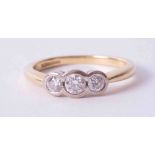 An 18ct yellow & white gold three stone ring set with approx. 0.37 carats total weight of round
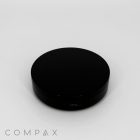 A round, black Single Well Round Compact with Mirror is displayed against a white background. The compact is closed, showcasing a smooth, matte finish. The brand name "COMPAX" appears in grey text at the bottom left corner of the image.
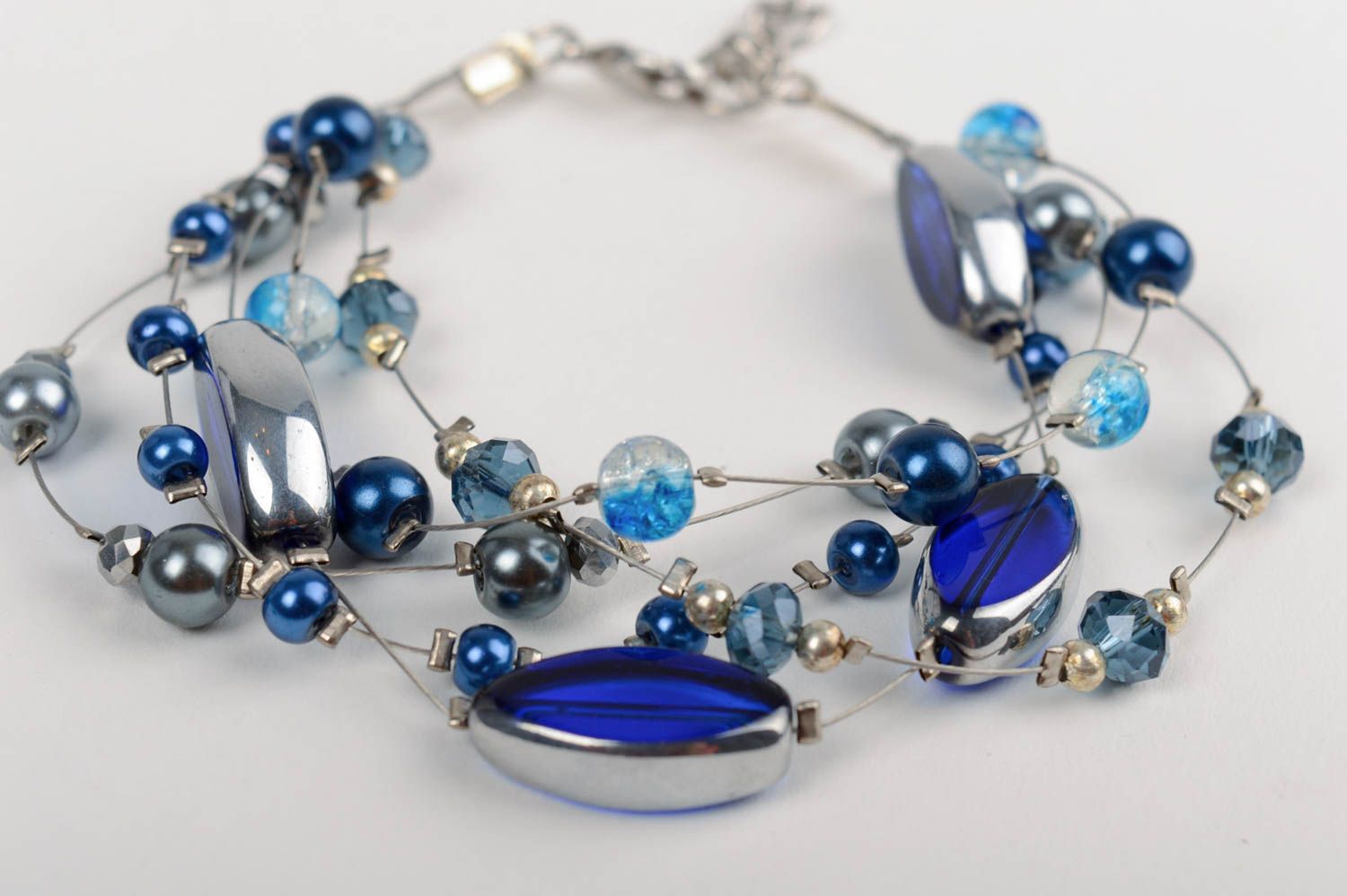 Handmade designer wrist bracelet with dark blue ceramic pearls and crystal beads photo 2
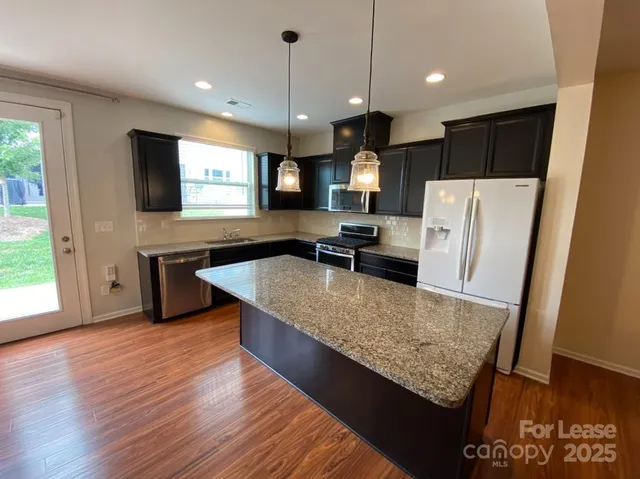 a large kitchen with stainless steel appliances a large counter top and wooden floor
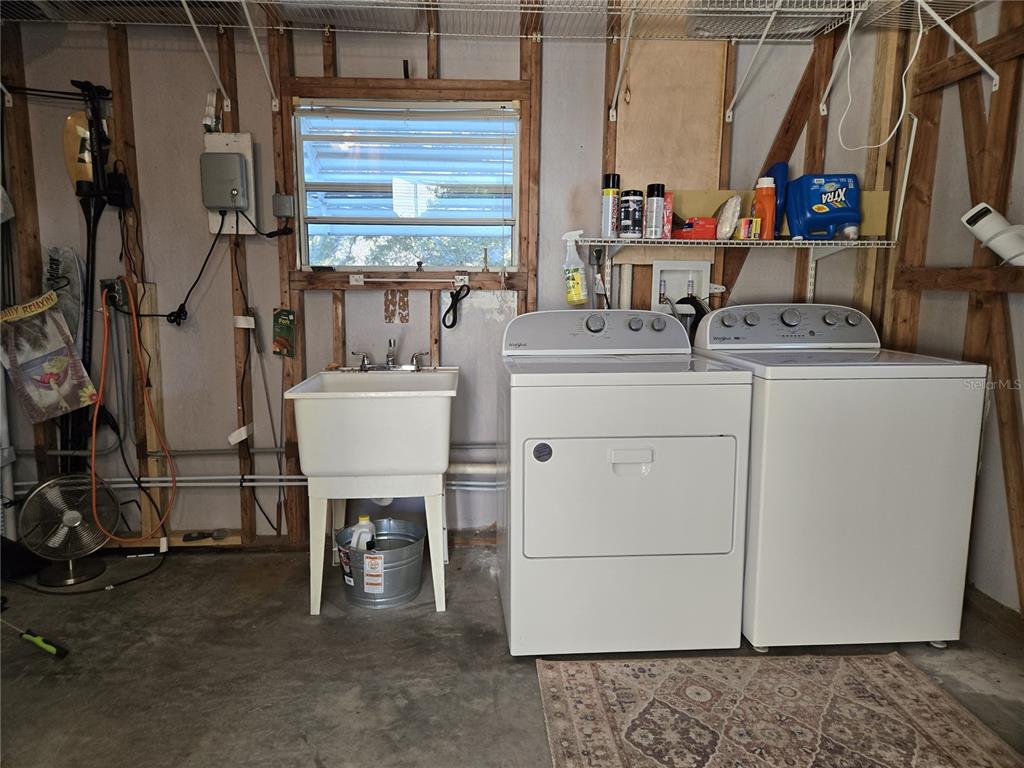 4146 Greenbluff Road, Unit 817 Zellwood, FL 32798 - Photo 38 of 40 a room with storage and utility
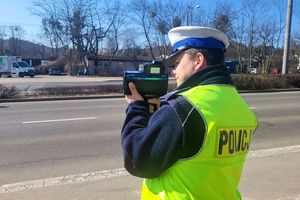 Umundurowany policjant stoi przy jezdni i za pomocą urządzenia trzymanego w rękach mierzy prędkość pojazdów.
########################################
* **Goal of the exercise**:
Every line from the one that holds "Handmade designer wrist" to the last line of the records above goes into the answer, exactly as written; nothing else does, and no picture does either.

* **Completed task**:
 Handmade designer wrist bracelet with dark blue ceramic pearls and crystal beads photo 2
 a large kitchen with stainless steel appliances a large counter top and wooden floor
 4146 Greenbluff Road, Unit 817 Zellwood, FL 32798 - Photo 38 of 40 a room with storage and utility
 Umundurowany policjant stoi przy jezdni i za pomocą urządzenia trzymanego w rękach mierzy prędkość pojazdów.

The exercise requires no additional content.